Les négociations, entamées dès 2018, avaient alors montré la grande proximité de nos deux gouvernements et notre convergence sur de nombreux objectifs, notamment européens.

Je rappellerai quelques propositions essentielles et concrètes formulées dans le traité.

La politique étrangère qui sera menée aura vocation à stabiliser et à préserver la mer Méditerranée occidentale et orientale et s’appuiera sur une meilleure concertation de nos pays pour la défense de positions communes au sein de l’Otan et de l’Union européenne.

La politique de défense instaurera une collaboration stratégique étroite et de haut niveau, impliquant une assistance mutuelle en cas d’agression sur le territoire de l’un des deux États.

Le traité vise également à promouvoir une politique de sécurité, au travers de la création d’une unité opérationnelle franco-italienne, afin de mieux coordonner les actions contre les réseaux d’immigration clandestine, la criminalité, la corruption et la fraude. Je rappelle combien l’Italie, sur le plan de l’immigration, a souvent été abandonnée à elle-même : nous devons accompagner ses efforts.

Une politique agricole privilégiera et protégera la qualité des produits, les appellations d’origine protégée (AOP) ou les indications géographiques protégées (IGP).

Un service civil commun pour les jeunes sera instauré.

De plus, les ministres des deux pays seront invités aux conseils des ministres de chaque côté des Alpes, sur le modèle du traité d’Aix-la-Chapelle.

Le traité comporte également un volet parlementaire, en reconnaissant l’importance de la coopération entre nos parlements respectifs – je vous remercie, madame la secrétaire d’État, monsieur le rapporteur, de l’avoir souligné dans vos propos liminaires.

Le 25 septembre dernier, les Italiens ont choisi de placer à la tête de leur pays Mme Giorgia Meloni. Cette dernière avait déclaré à propos du traité du Quirinal que cet accord n’était pas démocratique, car le Parlement italien n’avait pas été consulté, et qu’il servait d’abord les intérêts français.
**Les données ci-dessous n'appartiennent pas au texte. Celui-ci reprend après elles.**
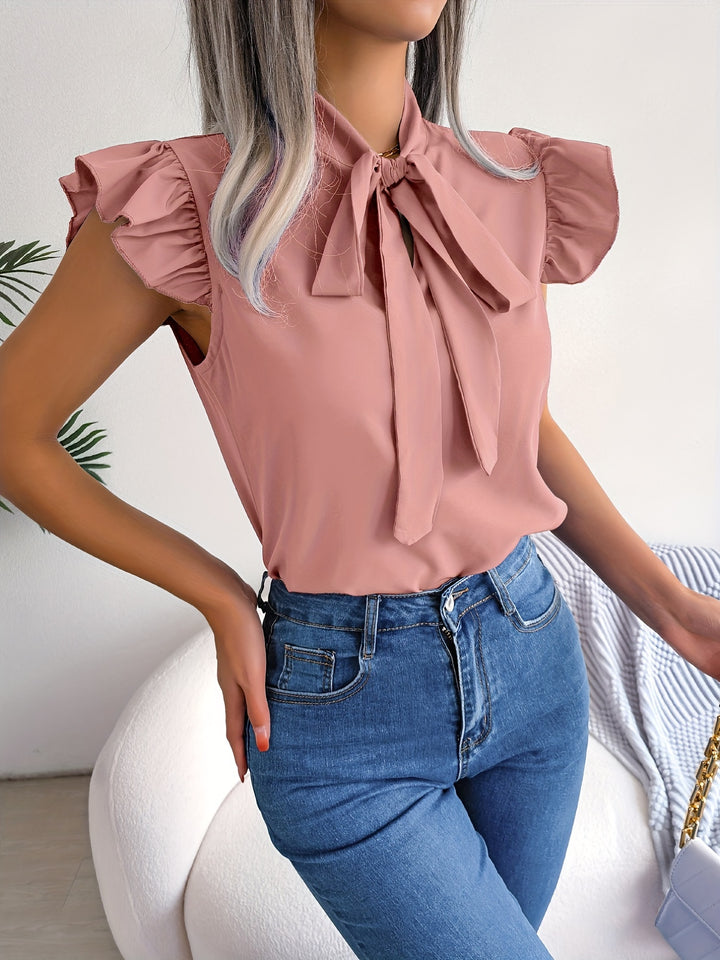 Evy | Elegant Bow-Tie Flutter Sleeve Blouse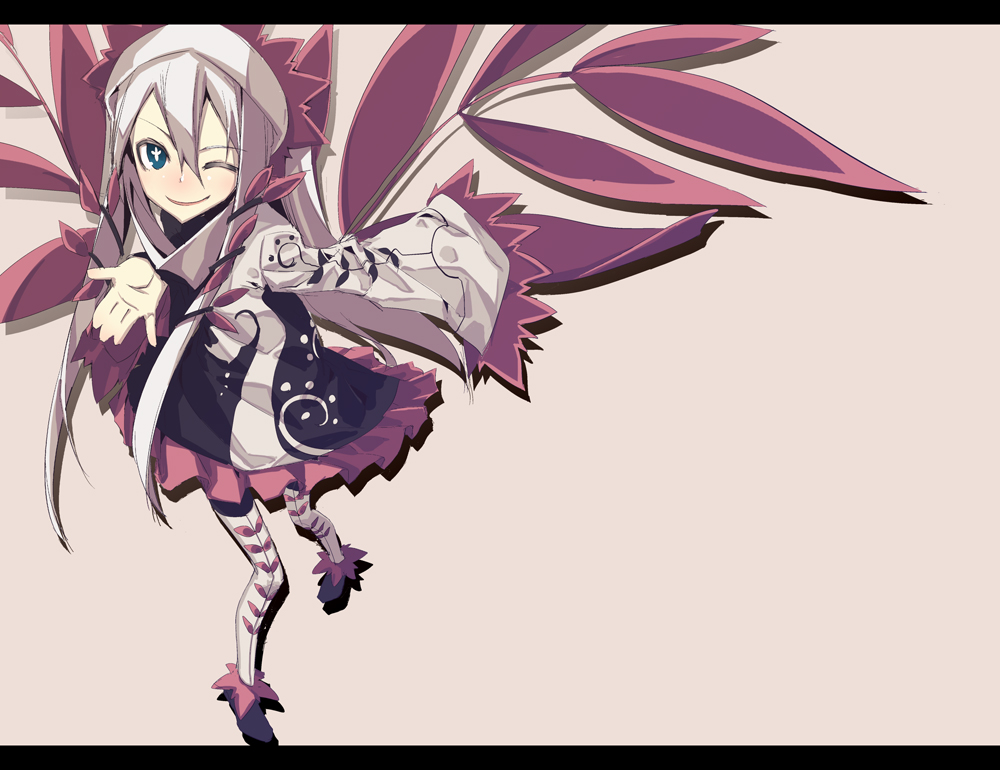 long_hair, mistelteinn, shigure_(crimsonlover), smile, solo, symbol-shaped_pupils, white_hair, yumekui_merry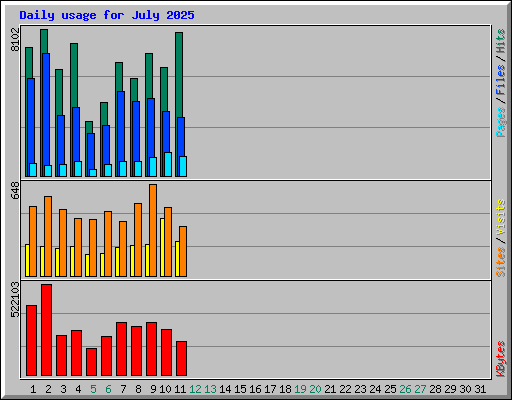 Daily usage for July 2025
Elle avait même dénoncé un « impérialisme français ». De même, lors de l’examen de la ratification au Sénat italien, le parti Fratelli d’Italia et ses alliés ont voté contre la ratification ou se sont abstenus.

Nous considérerons qu’il ne s’agissait que de péripéties de campagne, même si elles étaient préoccupantes.

Si la position initiale de Giorgia Meloni peut faire naître des doutes sur l’application du traité, des signes encourageants ont été donnés depuis lors. Ainsi, hier, lors de sa déclaration de politique générale, la présidente du Conseil italien a rappelé, à dessein, que l’Italie faisait pleinement partie de l’Europe et qu’elle souhaitait une intégration européenne plus efficace.

Madame la secrétaire d’État, le Président de la République a rencontré Mme Meloni lors de son déplacement en Italie le week-end dernier – je considère que c’est une bonne chose. Le sujet européen a-t-il bien été évoqué lors de leurs échanges ? La mise en œuvre du traité est-elle bien à l’ordre du jour des agendas politiques respectifs ? Peut-être pourrez-vous nous éclairer sur cet aspect des choses. Vous l’avez compris, le groupe Union Centriste appelle de ses vœux toute action en ce sens.

À l’heure où les équilibres mondiaux sont bouleversés et où la guerre a fait son retour sur le sol européen, il est plus que nécessaire de sceller durablement entre la France et l’Italie une coopération historique porteuse d’ambitions communes.

L’impulsion décisive du gouvernement de M. Draghi et le précieux concours du président Mattarella ont abouti au traité du Quirinal. Il ne doit pas être entravé, pour le bien de l’Union européenne auquel nos deux pays travaillent depuis longtemps.

Madame la secrétaire d’État, mes chers collègues, le groupe Union Centriste votera en faveur de la ratification du traité de coopération entre la France et l’Italie.